**The problem:**
Retype every record exactly. Leave the pictures out.

[Short descriptive text snippets]
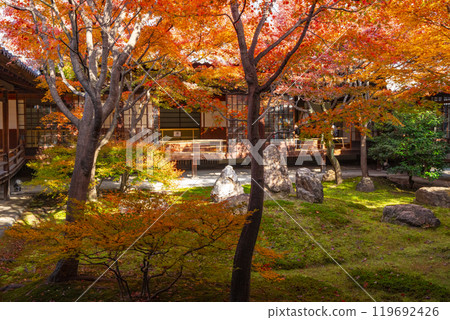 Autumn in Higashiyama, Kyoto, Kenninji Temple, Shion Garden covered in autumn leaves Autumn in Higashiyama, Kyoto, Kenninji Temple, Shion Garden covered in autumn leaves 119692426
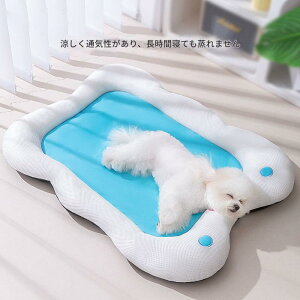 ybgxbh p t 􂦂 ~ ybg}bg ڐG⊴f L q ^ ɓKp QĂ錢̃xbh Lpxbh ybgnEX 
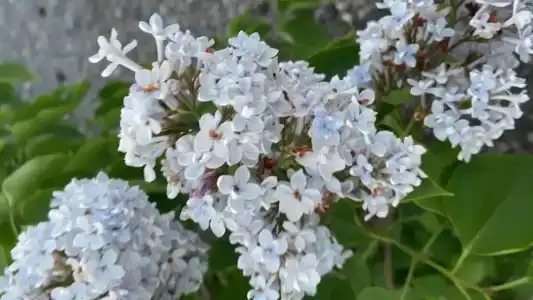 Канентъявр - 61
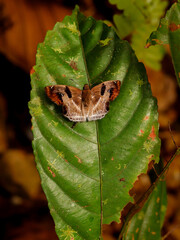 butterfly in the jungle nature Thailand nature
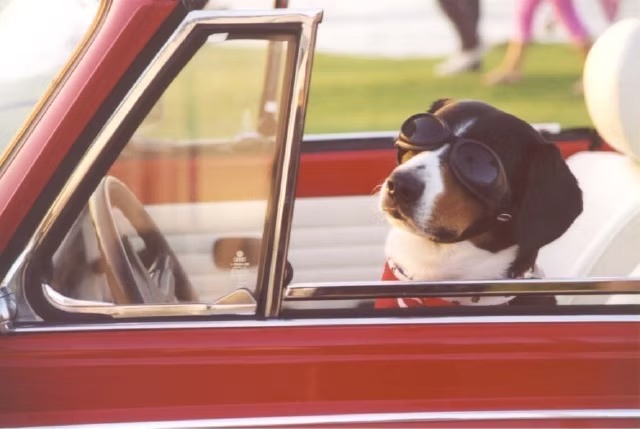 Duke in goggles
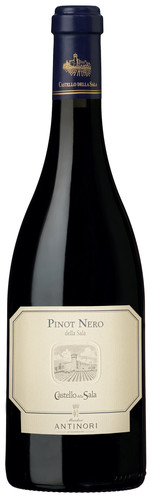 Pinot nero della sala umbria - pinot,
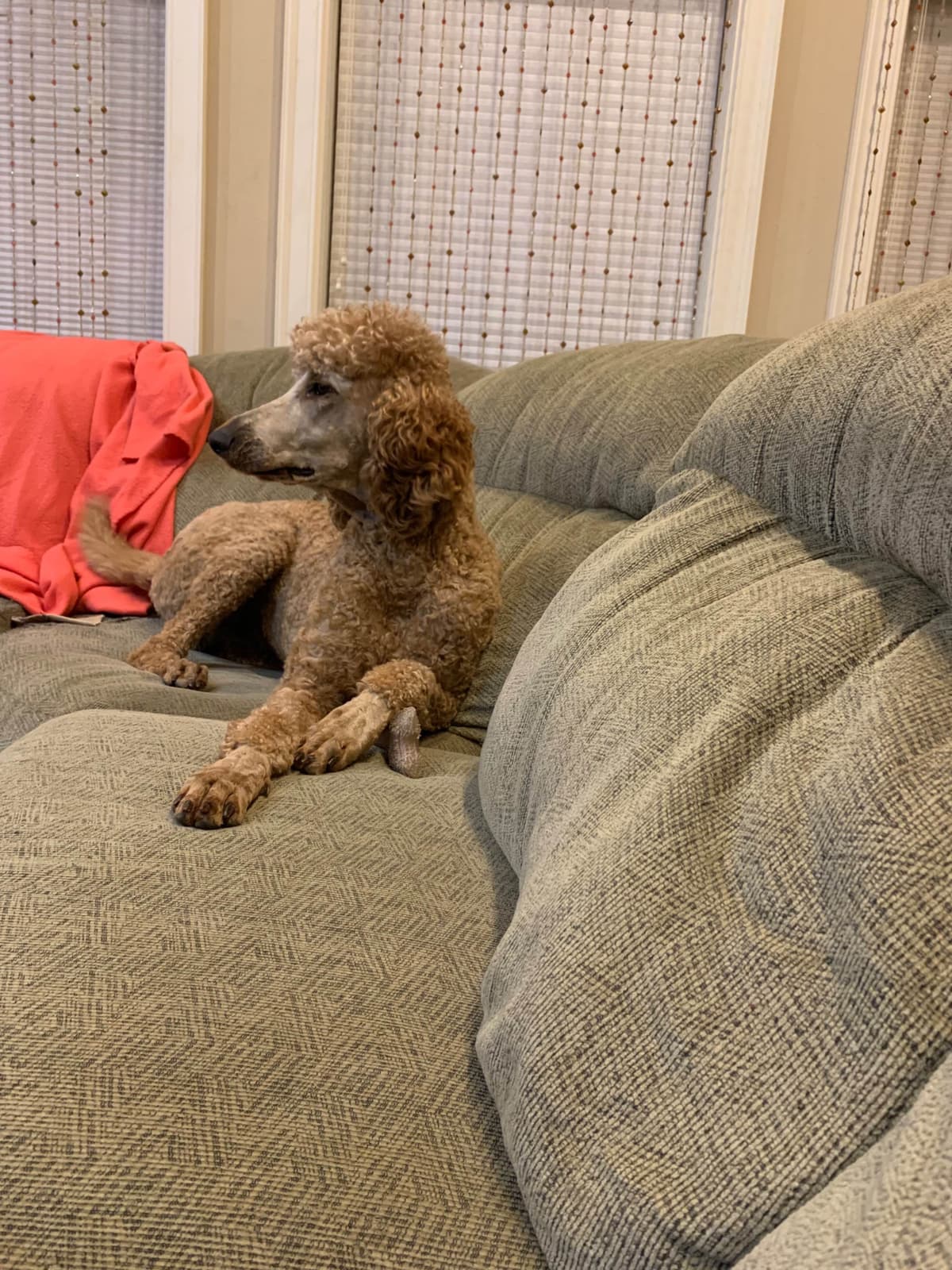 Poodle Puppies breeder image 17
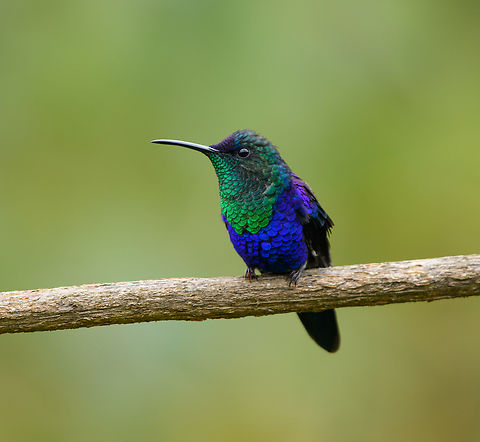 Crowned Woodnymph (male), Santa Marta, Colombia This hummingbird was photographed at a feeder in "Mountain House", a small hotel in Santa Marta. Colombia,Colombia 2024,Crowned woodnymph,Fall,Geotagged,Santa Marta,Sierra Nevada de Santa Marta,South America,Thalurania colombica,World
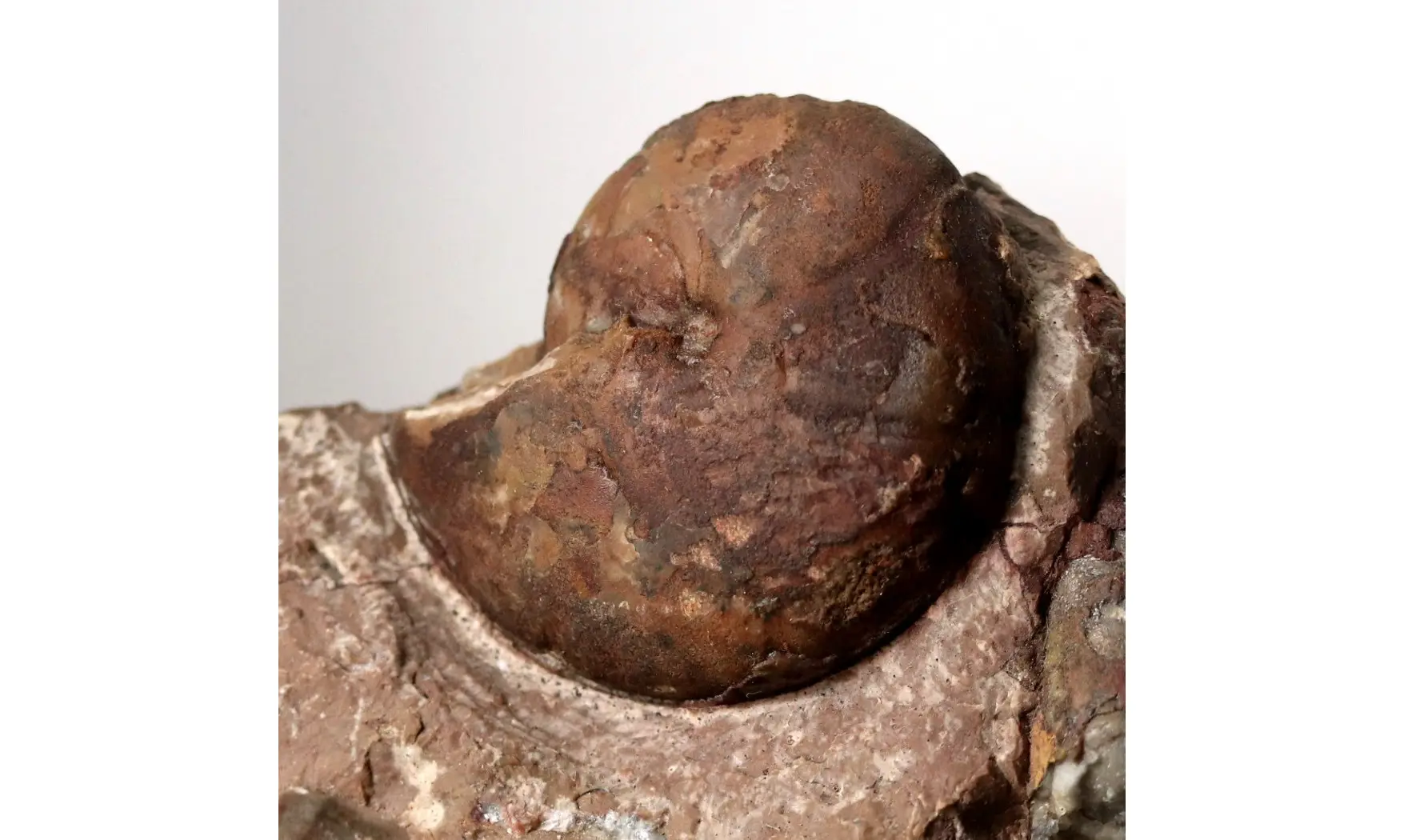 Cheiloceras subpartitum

**Expected output:**
 Autumn in Higashiyama, Kyoto, Kenninji Temple, Shion Garden covered in autumn leaves Autumn in Higashiyama, Kyoto, Kenninji Temple, Shion Garden covered in autumn leaves 119692426
 ybgxbh p t 􂦂 ~ ybg}bg ڐG⊴f L q ^ ɓKp QĂ錢̃xbh Lpxbh ybgnEX 
 Канентъявр - 61
 butterfly in the jungle nature Thailand nature
 Duke in goggles
 Pinot nero della sala umbria - pinot,
 Poodle Puppies breeder image 17
 Crowned Woodnymph (male), Santa Marta, Colombia This hummingbird was photographed at a feeder in "Mountain House", a small hotel in Santa Marta. Colombia,Colombia 2024,Crowned woodnymph,Fall,Geotagged,Santa Marta,Sierra Nevada de Santa Marta,South America,Thalurania colombica,World
 Cheiloceras subpartitum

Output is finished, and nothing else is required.